This happens fairly frequently, actually, and in my experience this comes down to a couple things.
First, the more technical point.
Given the way search engine algorithms change so frequently, quite often a site that had been lagging behind will suddenly be rewarded for something about the way it’s designed. Because there are only so many spots in a search engine’s results per page, naturally any time a site moves up something else has to move down.
As Google spokespeople often point out, sites losing rankings isn’t necessarily that they are being penalized, but more that other sites are now seen as more credible than they were. Often owners of sites that rank well will become comfortable with their dominion, which in any kind of competitive space makes room for being surprised.
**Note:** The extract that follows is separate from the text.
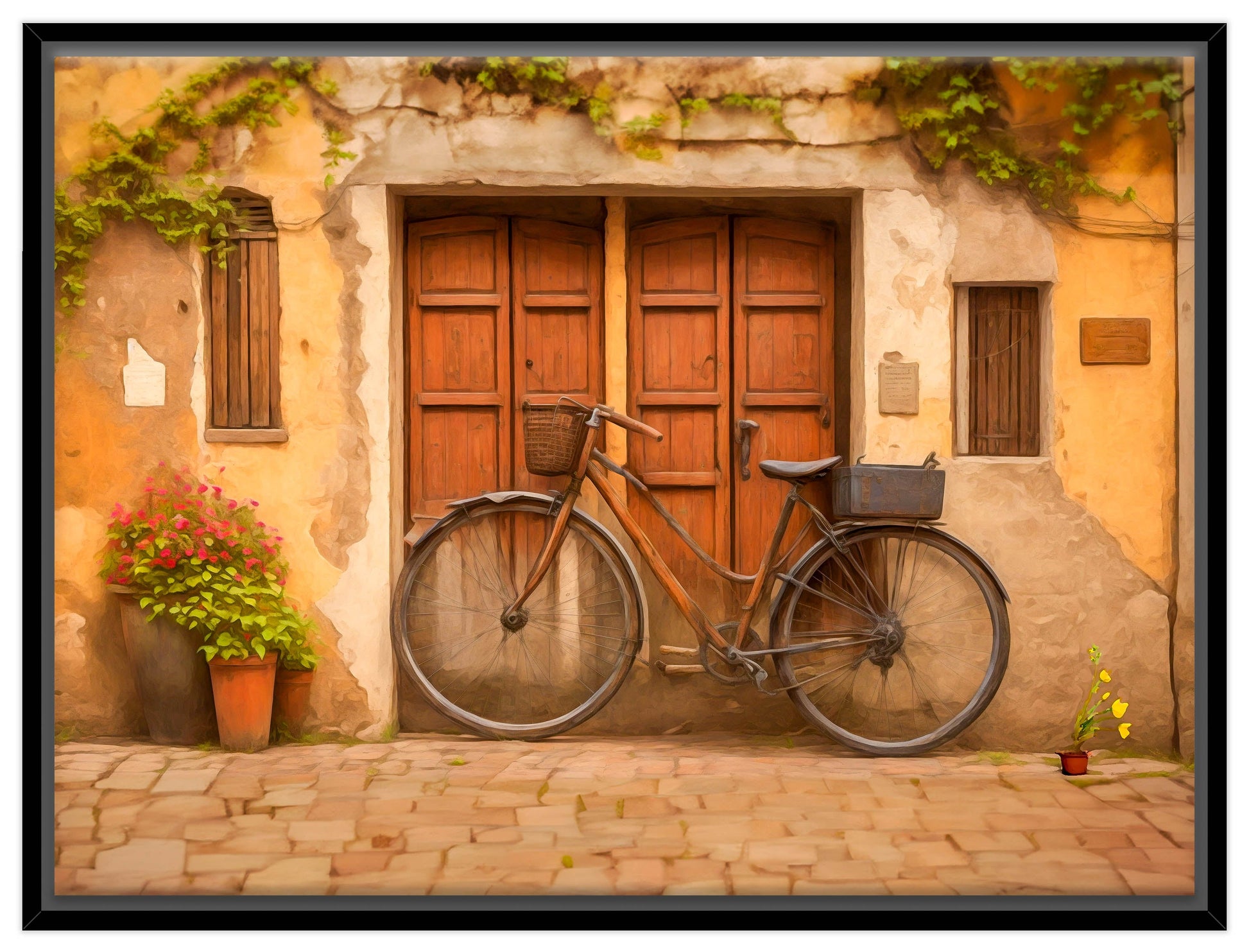 Vintage Bicycle - Canvas Wrap - Black Frame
Part of successful SEO campaigns usually involves grey-hat techniques, meaning some tactics that aren’t completely what are defined as white hat, by the book stuff, but also not so overtly designed to game the system as black hat techniques that can get you removed from Google’s index. The trade off is fairly quick results with relatively low risk, but there is always a risk that a tactic you’ve used will become something Google either penalizes or, at the very least, rewards less than it used to.
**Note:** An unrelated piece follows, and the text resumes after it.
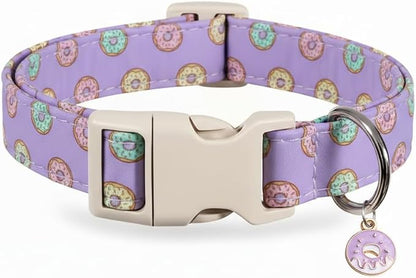 Girl Dog Collar with Unique Purple and Donut Print, Cute Dog Collar by Britwicfr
Either of those scenarios can cause a decline in rankings that is totally fixable.
The other less technical explanation is one I’ve seen many times over the years.
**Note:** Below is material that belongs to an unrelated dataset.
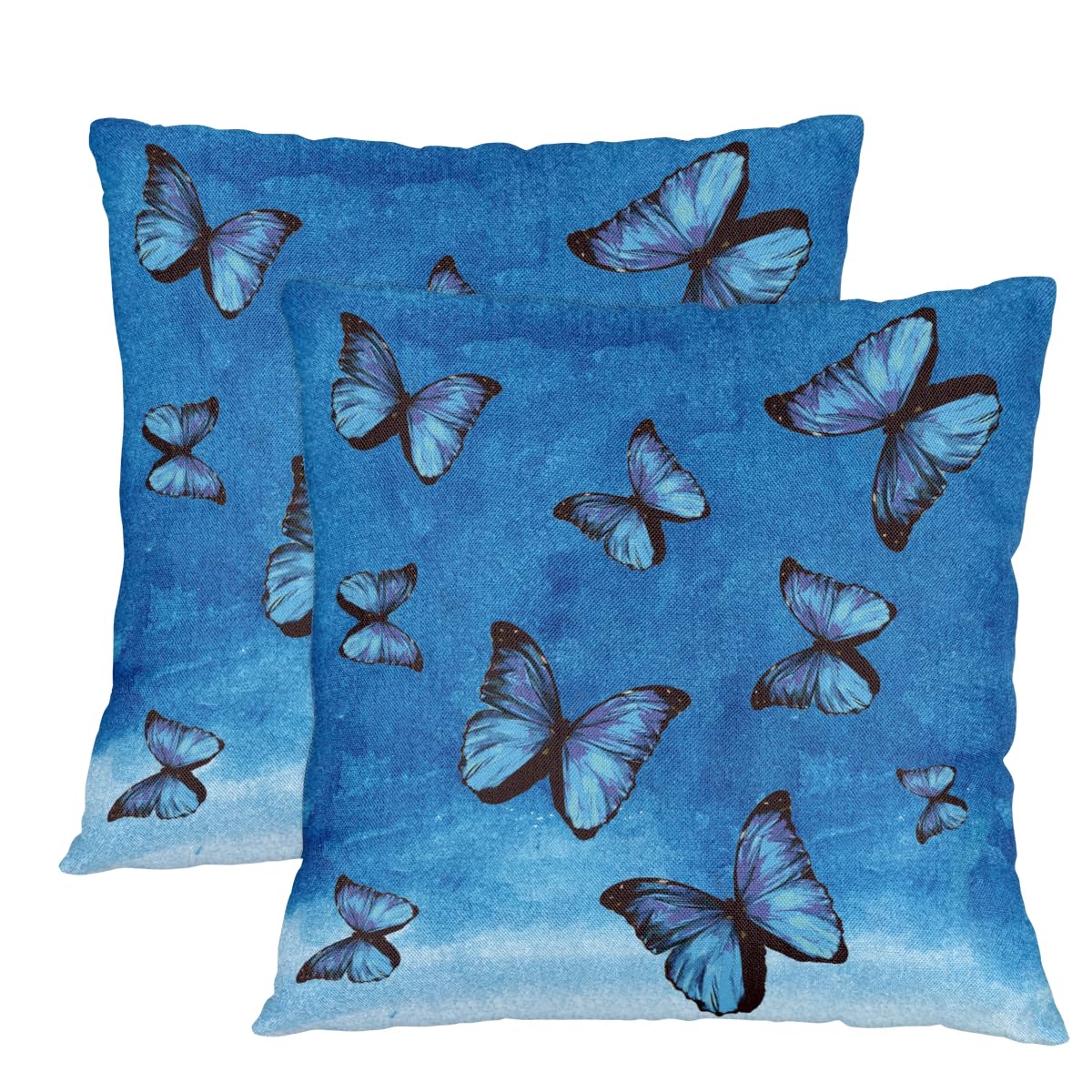 Coussin papillon bleu 61x61 cm : la douceur bohème champêtre dans votre lit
You might be in an industry where not many of your competitors is really leveraging web marketing. As a result it’s fairly easy to dominate the search rankings for awhile. But even people that aren’t actively doing SEO will do searches from time to time just to see where they rank.
If they keep seeing one business in particular kicking their butt, in the case you, it can spur them on to finally get serious and either start doing SEO in earnest or hire someone. It can take several months for that to happen, so it will look like one month you were dominating and the next your rankings went down a bit.
As I mentioned above on the previous point, any time one website’s rankings improve another’s must decline. It’s not always that you’ve done something wrong or are being penalized, but simply that a competitor that previously had weak rankings is actually getting in the game.
Aside continuing to churn out solid, well-optimized content, acquiring more backlinks is a good way to combat this. Once a competitor starts gaining authority, one of the best ways to stay ahead is to build links (and thus, authority).